- John Long Mountains Location within Montana

Highest point
- Elevation: 7,923 ft (2,415 m)
- Coordinates: 46°26′16″N 113°26′52″W﻿ / ﻿46.43778°N 113.44778°W

Geography
- Country: United States
- State: Montana

= John Long Mountains =

Mountain range in Montana, United States

The John Long Mountains, el. 7923 ft, is a small mountain range northwest of Philipsburg, Montana in Granite County, Montana. The Beaverhead-Deerlodge National Forest and Lolo National Forest manage these mountains. A sizable roadless area of about 65,000 acres existed, as of 1990, in the John Long Mountains, centered on Silver King Mountain in the southern part of the range. It is unknown whether and to what extent this area's size has been reduced by logging. Lightly used trails traverse whitebark pine forests on the higher ridges, and forests of lodgepole pine, Douglas-fir, and heavy downfall on the eastern slopes. The western slopes have groves of douglas-fir amidst extensive grassy parks. Silver King Mountain is 7,581'.

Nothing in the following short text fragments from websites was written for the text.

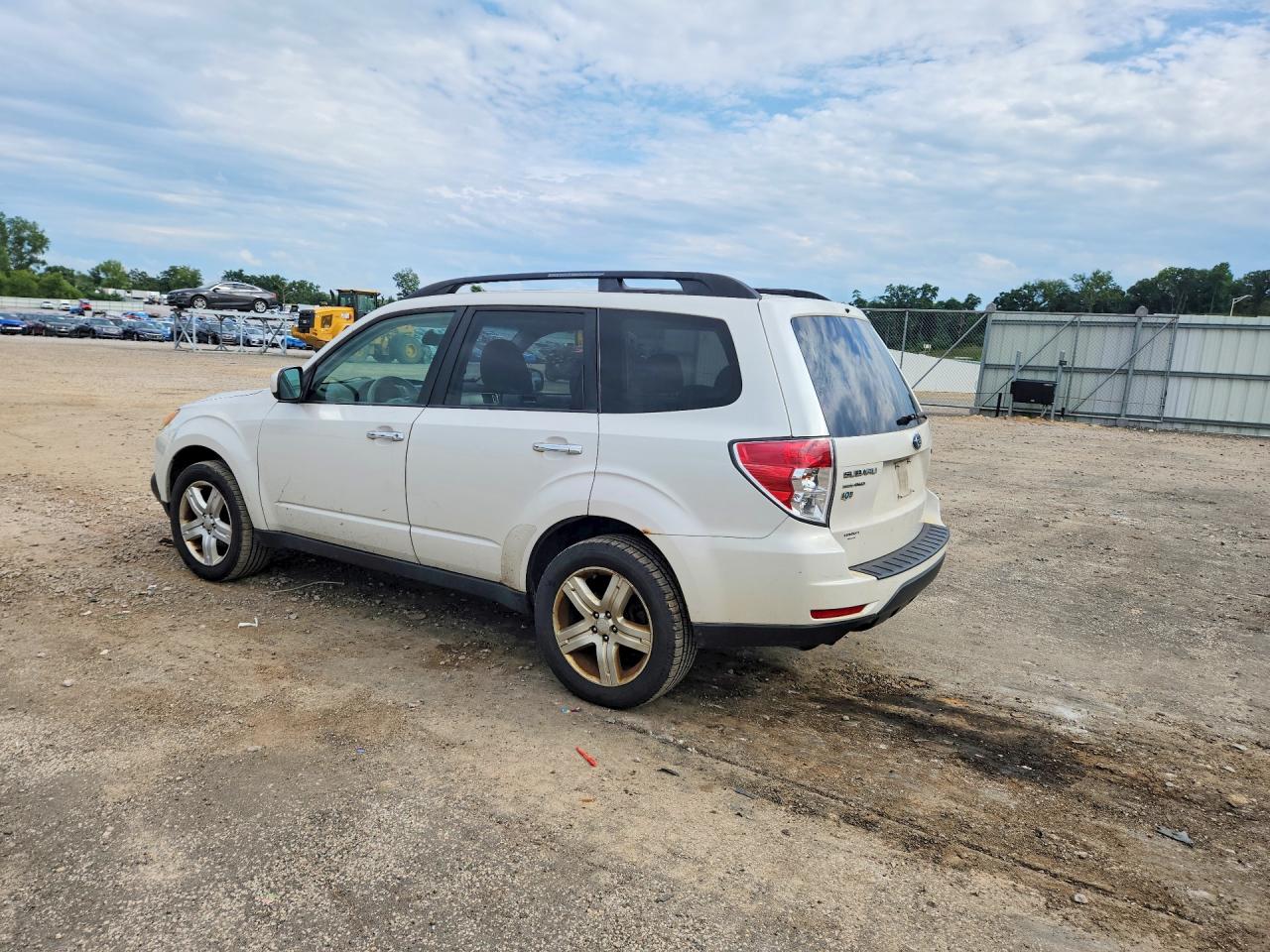 2010 Subaru Forester 2.5x Premium White vin: JF2SH6CC0AH759567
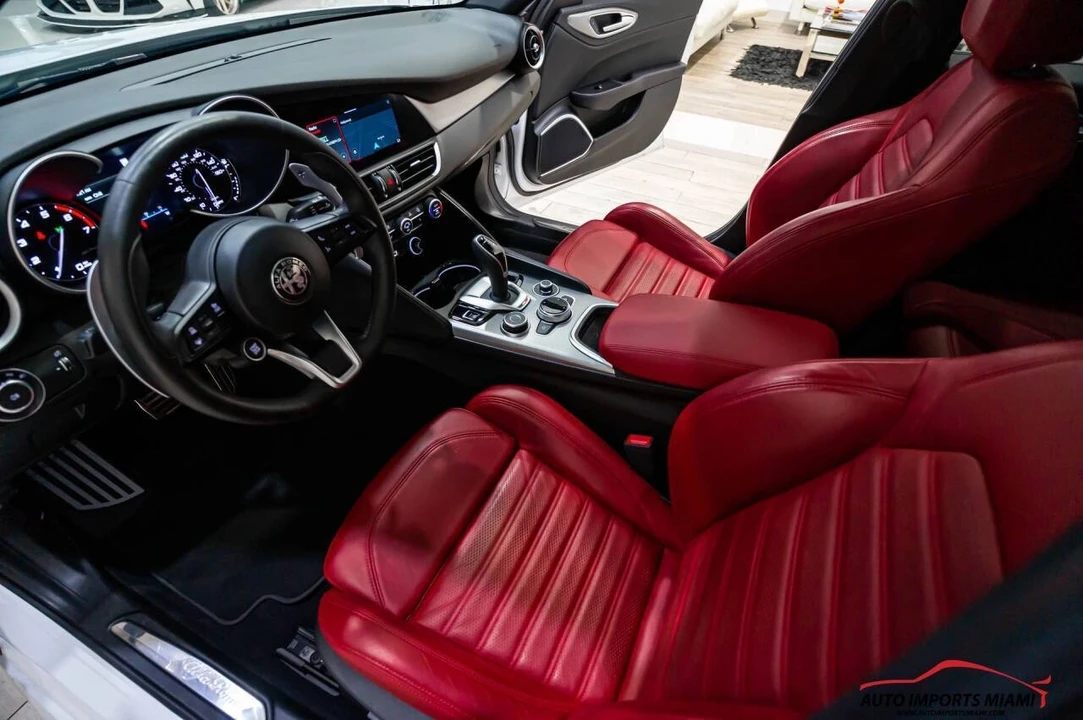 2022 Alfa Romeo Giulia - Image 12 of 12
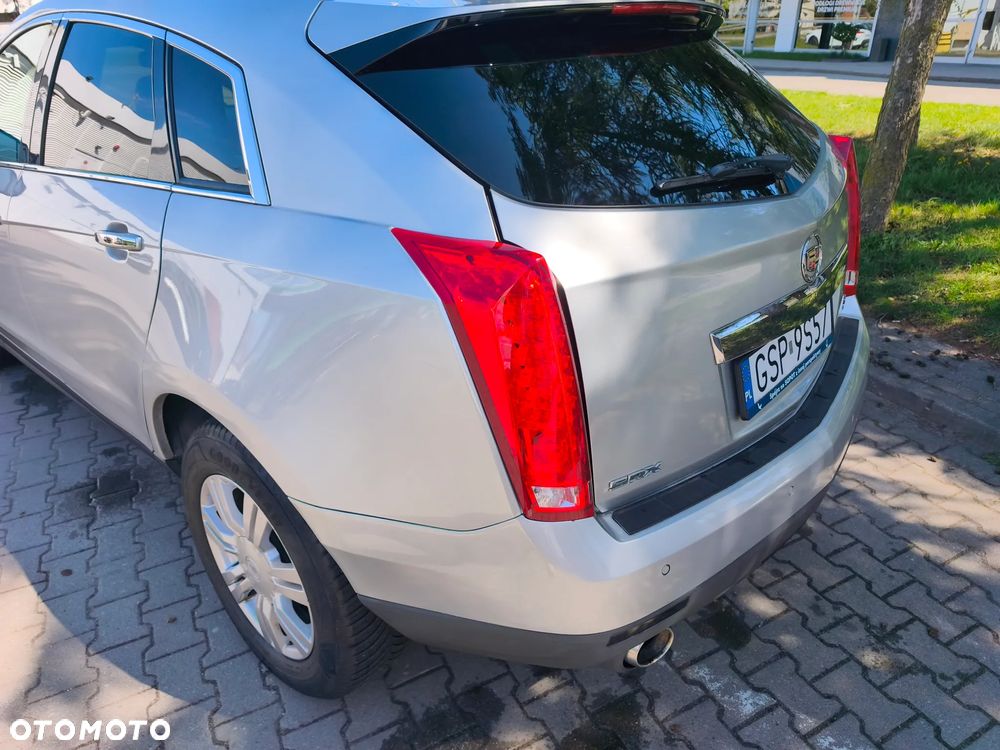 Cadillac SRX - 7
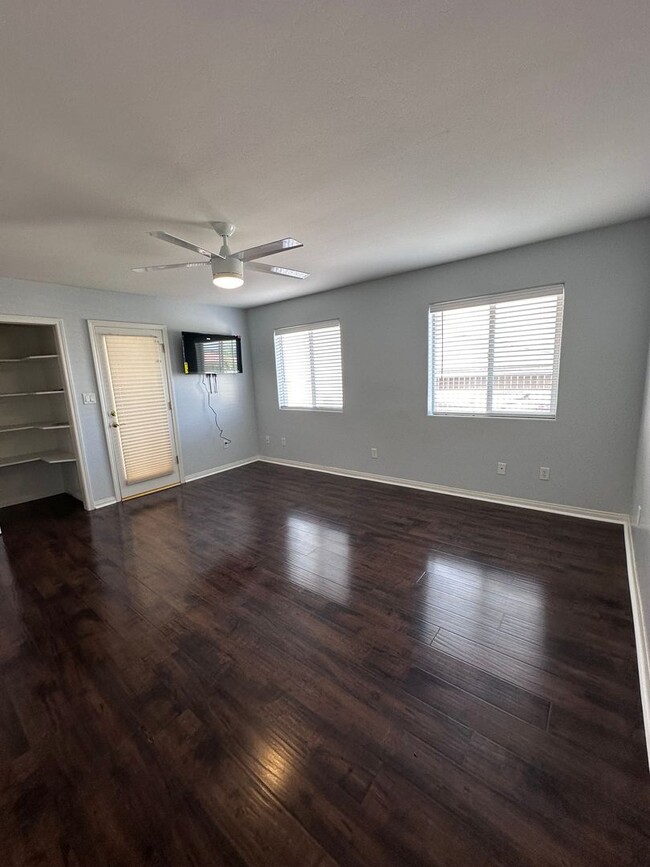 Building Photo - 5302 Doble Aguila Way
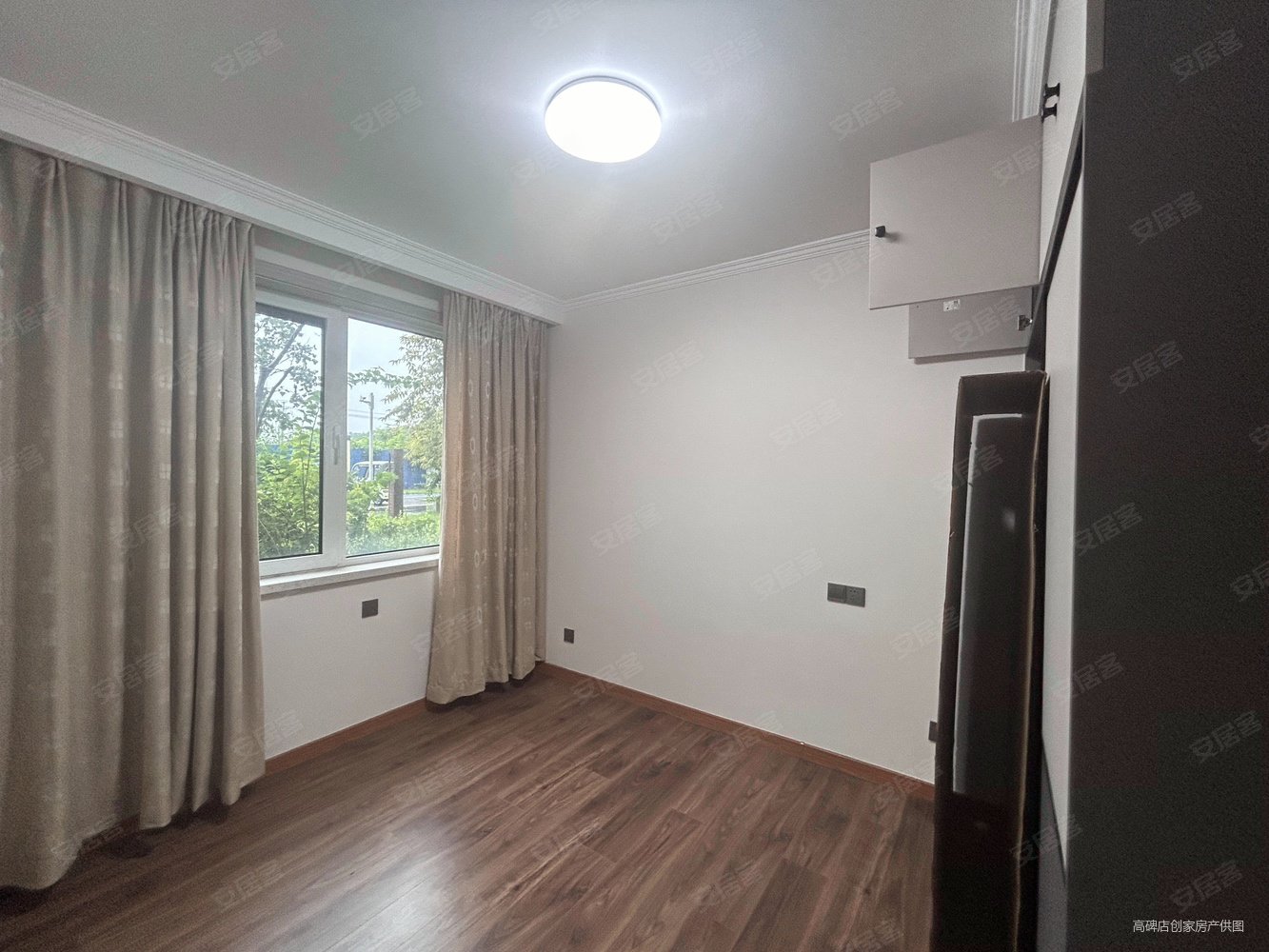 尚豪国际住宅小区3室2厅2卫128㎡南北100万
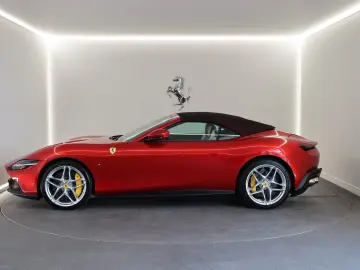 Ferrari Roma Spider   Rosso Magma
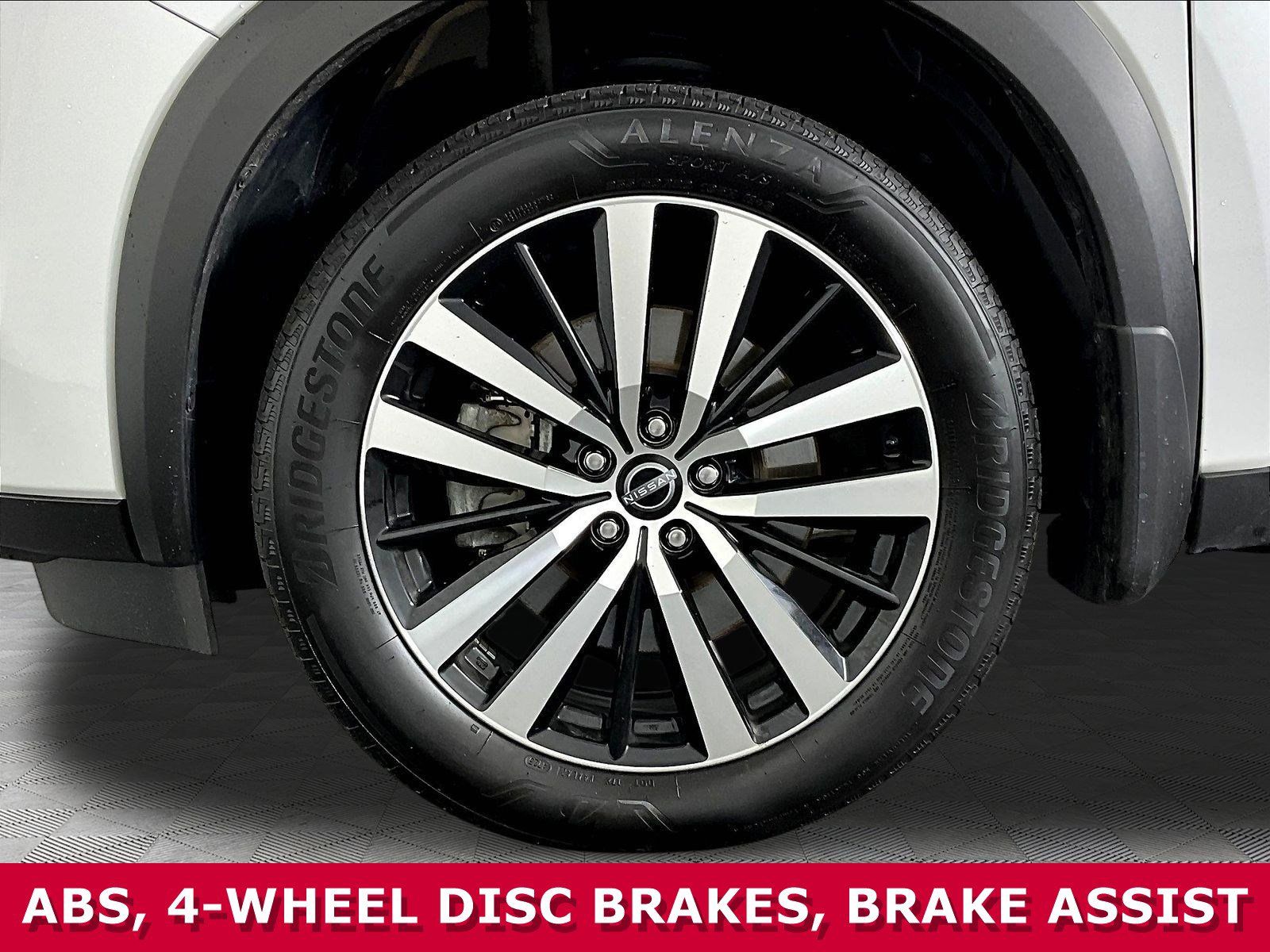 Certified 2025 Nissan Pathfinder Platinum w/ Black Appearance Package AWD/4WD image 32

The Babcock Mountain Bighorn Sheep Viewing Area, on the Rock Creek Road along the western edge of the John Longs, is an 8,000-acre area on the Lolo National Forest where bighorn sheep are commonly seen. Parking and hiking trails are provided.

There is some dispute as to whether the Quigg Peak roadless area, described in the Sapphire Mountains article, is really part of the John Long Mountains. If the Quigg Peak area is truly part of the John Long Mountains, then the highest point in the range would be Butte Cabin Ridge, el. 8,468'.